▸ WHAT IS NEEDED
Everything in the listing should be set down exactly, apart from the pictures.

▸ INFORMATION SUPPLIED
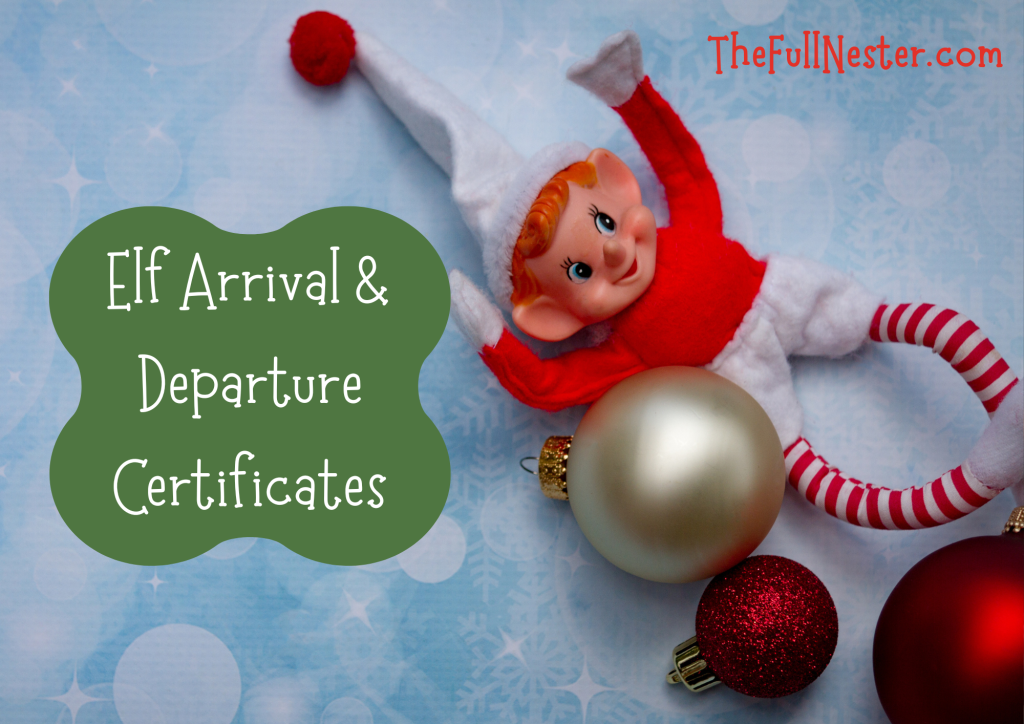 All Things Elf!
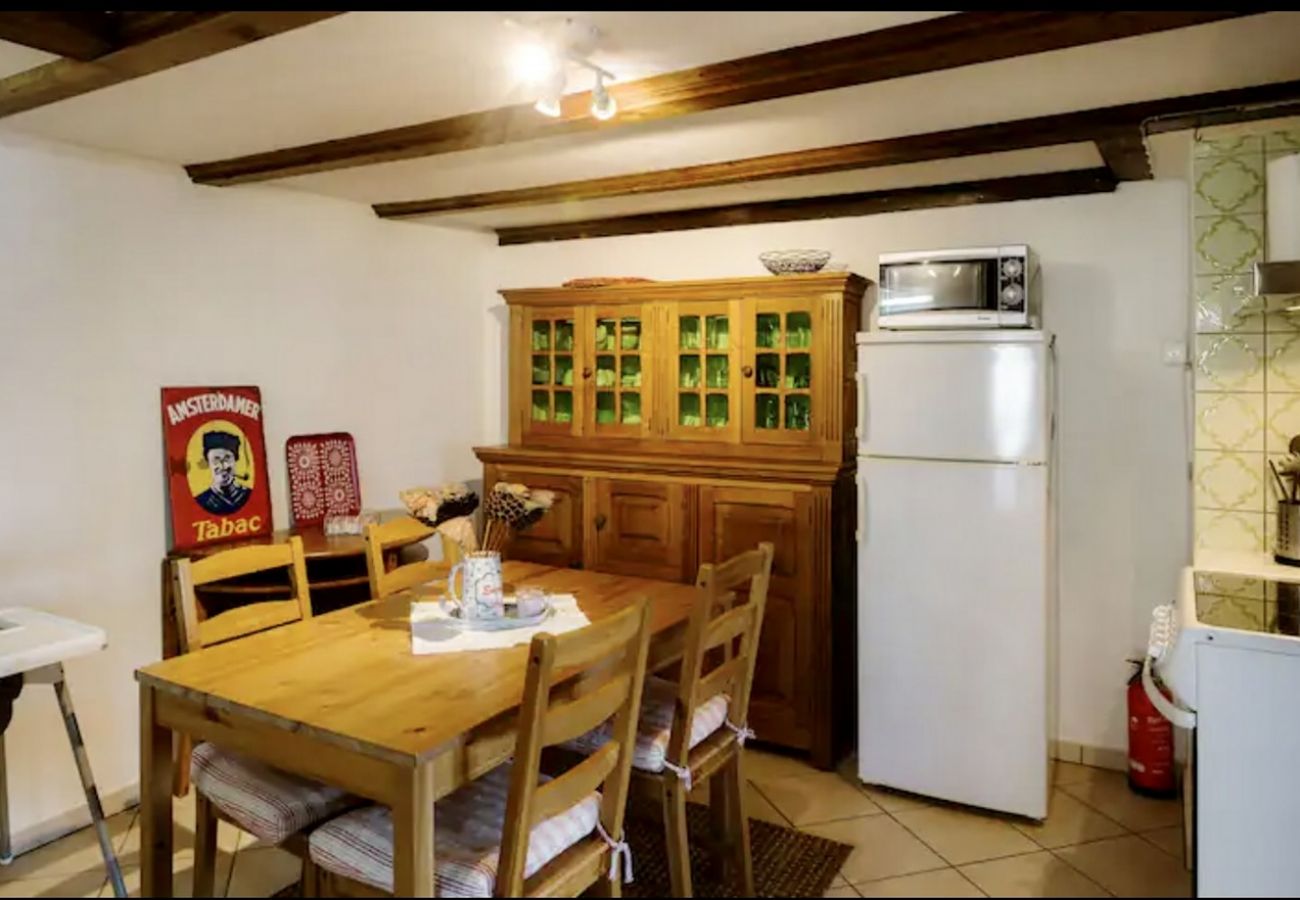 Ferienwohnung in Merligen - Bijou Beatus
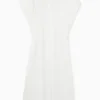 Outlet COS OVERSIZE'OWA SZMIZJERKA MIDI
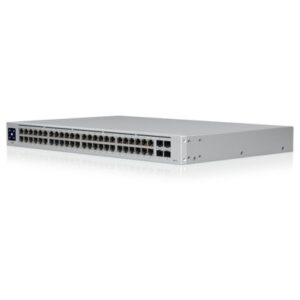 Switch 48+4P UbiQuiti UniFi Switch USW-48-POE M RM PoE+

▸ TASK SOLUTION
 All Things Elf!
 Ferienwohnung in Merligen - Bijou Beatus
 Outlet COS OVERSIZE'OWA SZMIZJERKA MIDI
 Switch 48+4P UbiQuiti UniFi Switch USW-48-POE M RM PoE+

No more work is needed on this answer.